• WHAT IS BEING ASKED:
Line by line, output everything from the one that contains "6人の制服を着た女子生徒と1" through the end of the material below, exactly as written and with no pictures.

• DATA FOR THE TASK:
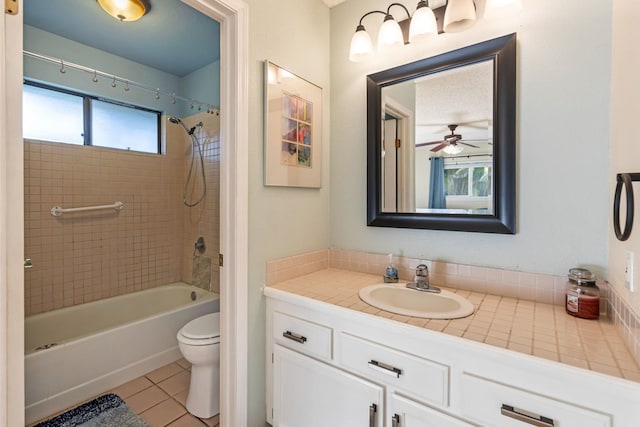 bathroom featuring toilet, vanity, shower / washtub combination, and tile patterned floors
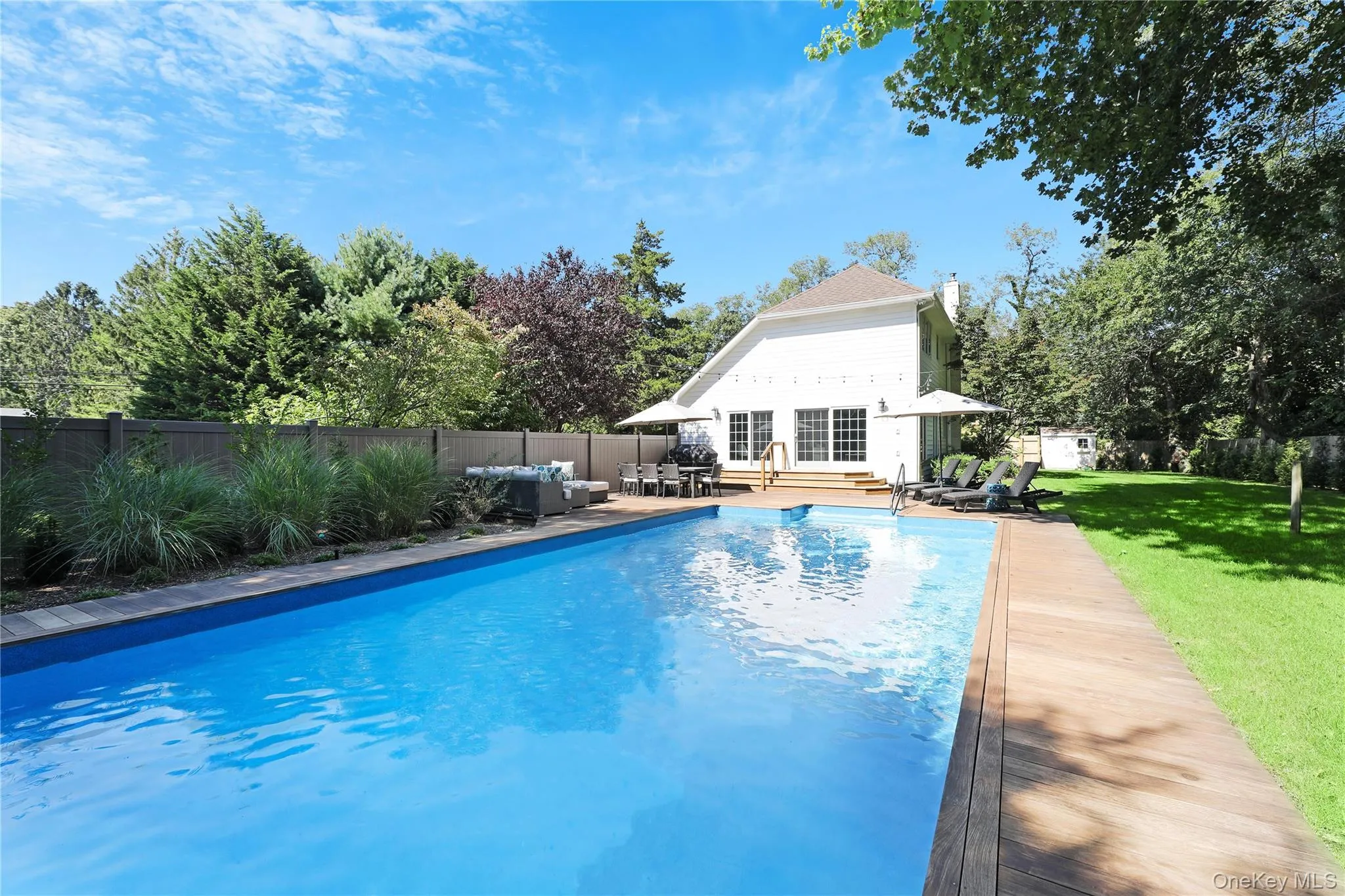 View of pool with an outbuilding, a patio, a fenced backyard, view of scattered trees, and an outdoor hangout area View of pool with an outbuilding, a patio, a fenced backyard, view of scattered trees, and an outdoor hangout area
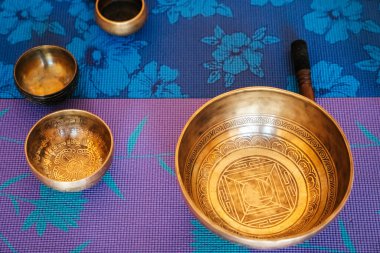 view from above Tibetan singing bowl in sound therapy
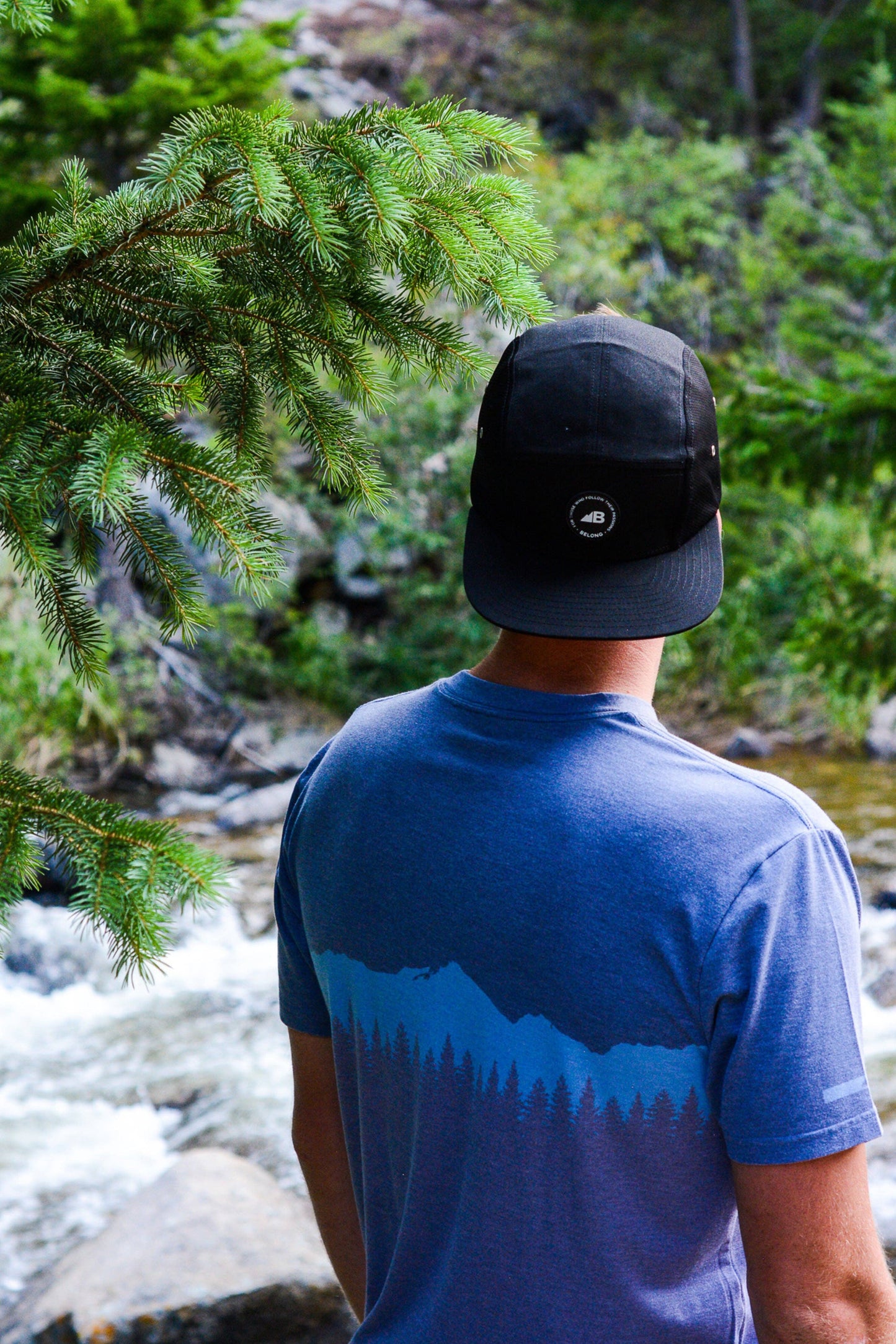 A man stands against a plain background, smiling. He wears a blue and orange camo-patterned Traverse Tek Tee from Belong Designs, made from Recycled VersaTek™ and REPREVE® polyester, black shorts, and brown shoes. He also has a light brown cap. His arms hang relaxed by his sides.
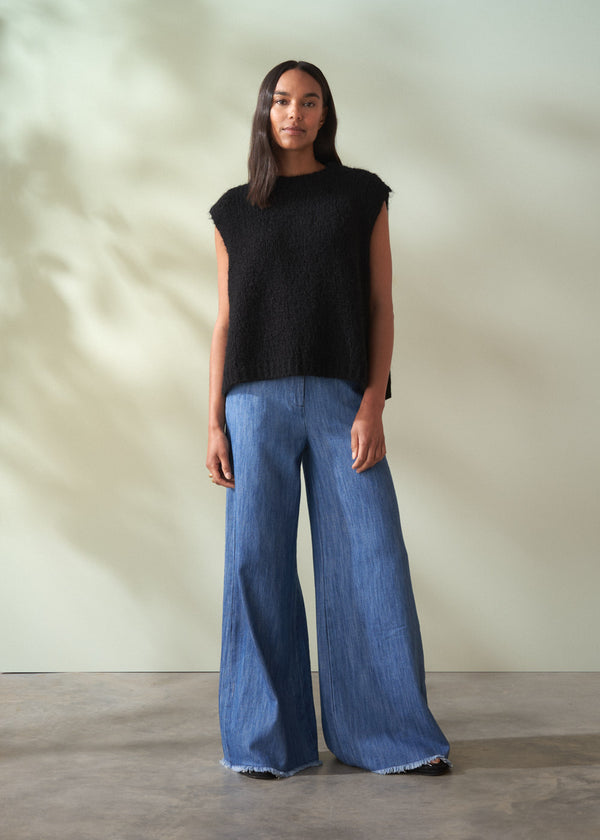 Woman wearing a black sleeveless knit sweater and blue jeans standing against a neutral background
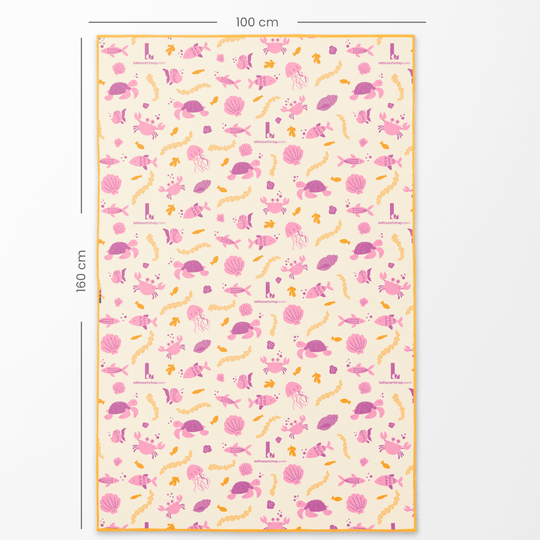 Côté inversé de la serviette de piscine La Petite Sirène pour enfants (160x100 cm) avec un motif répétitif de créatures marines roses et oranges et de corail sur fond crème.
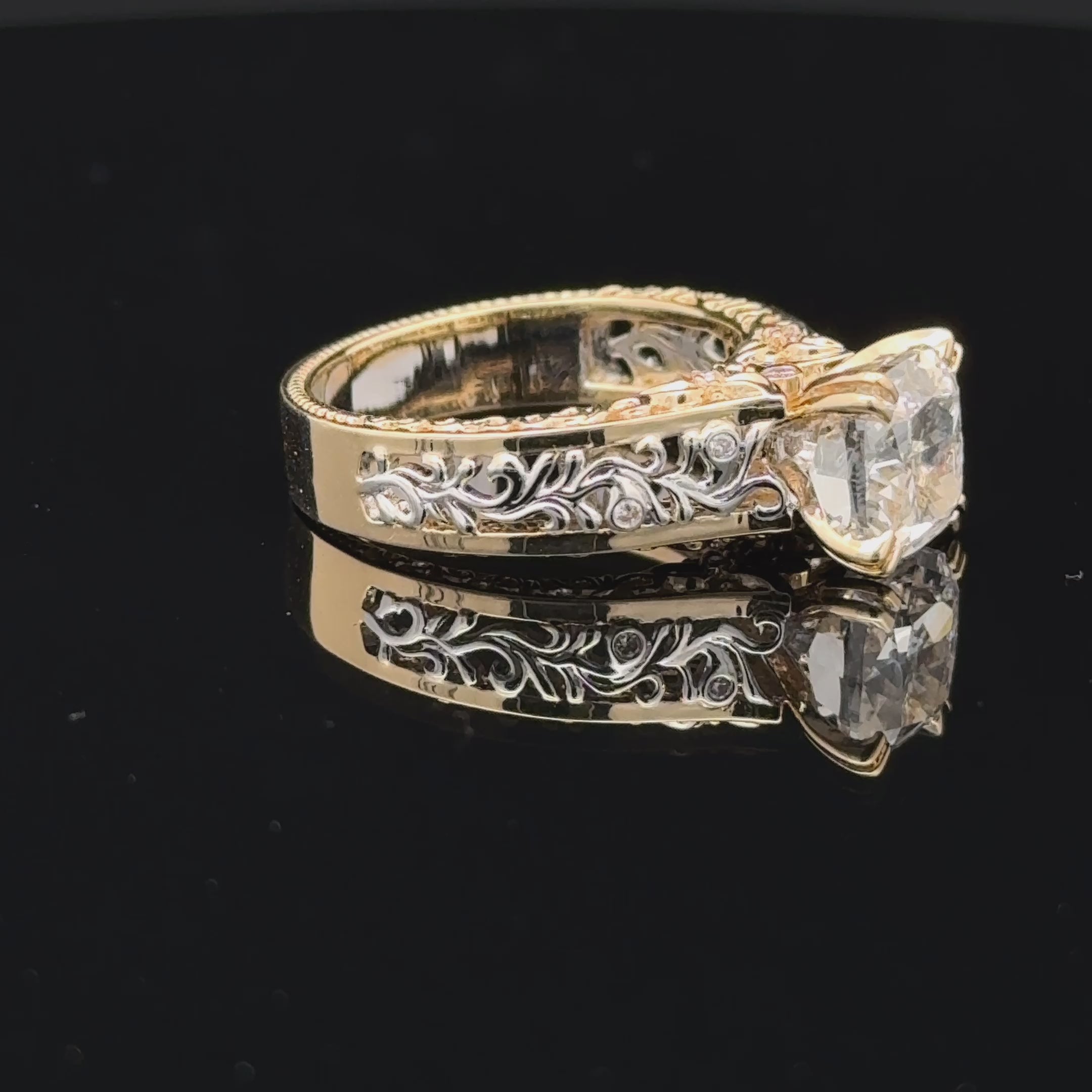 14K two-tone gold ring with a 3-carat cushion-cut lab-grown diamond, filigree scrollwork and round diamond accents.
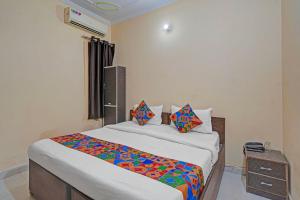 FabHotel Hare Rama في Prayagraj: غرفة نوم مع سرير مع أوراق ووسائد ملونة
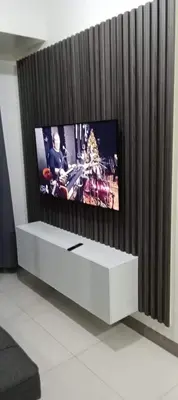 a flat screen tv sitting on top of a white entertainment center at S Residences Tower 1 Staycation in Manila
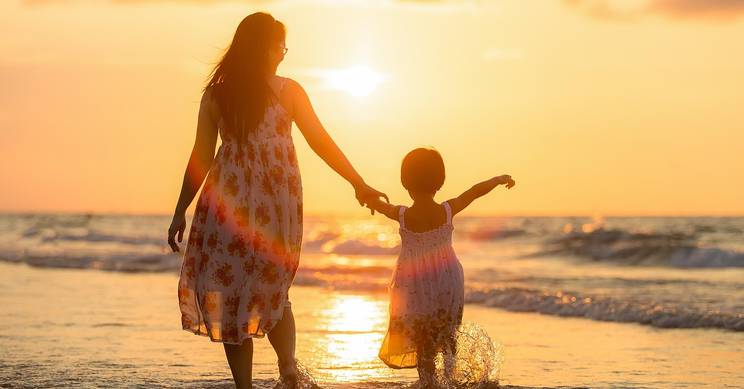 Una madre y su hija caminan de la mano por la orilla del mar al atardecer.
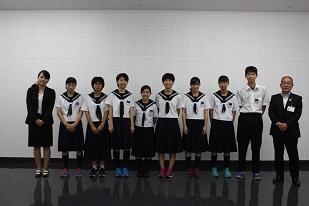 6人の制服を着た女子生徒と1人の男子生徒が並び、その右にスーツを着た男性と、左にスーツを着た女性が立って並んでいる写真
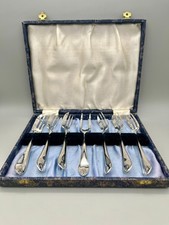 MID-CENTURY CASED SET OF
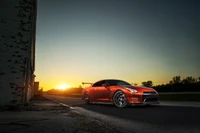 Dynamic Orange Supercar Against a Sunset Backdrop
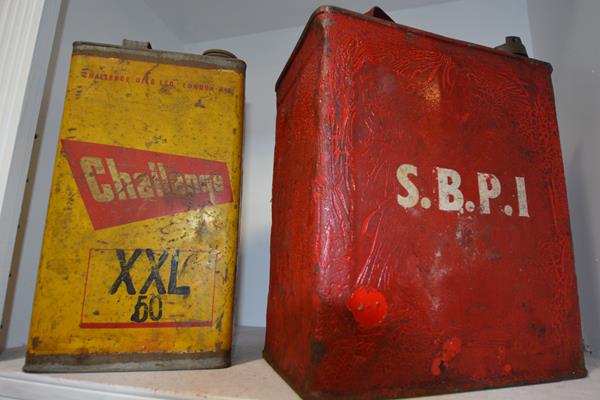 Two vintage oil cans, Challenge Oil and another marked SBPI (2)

• TASK RESPONSE:
 6人の制服を着た女子生徒と1人の男子生徒が並び、その右にスーツを着た男性と、左にスーツを着た女性が立って並んでいる写真
 MID-CENTURY CASED SET OF
 Dynamic Orange Supercar Against a Sunset Backdrop
 Two vintage oil cans, Challenge Oil and another marked SBPI (2)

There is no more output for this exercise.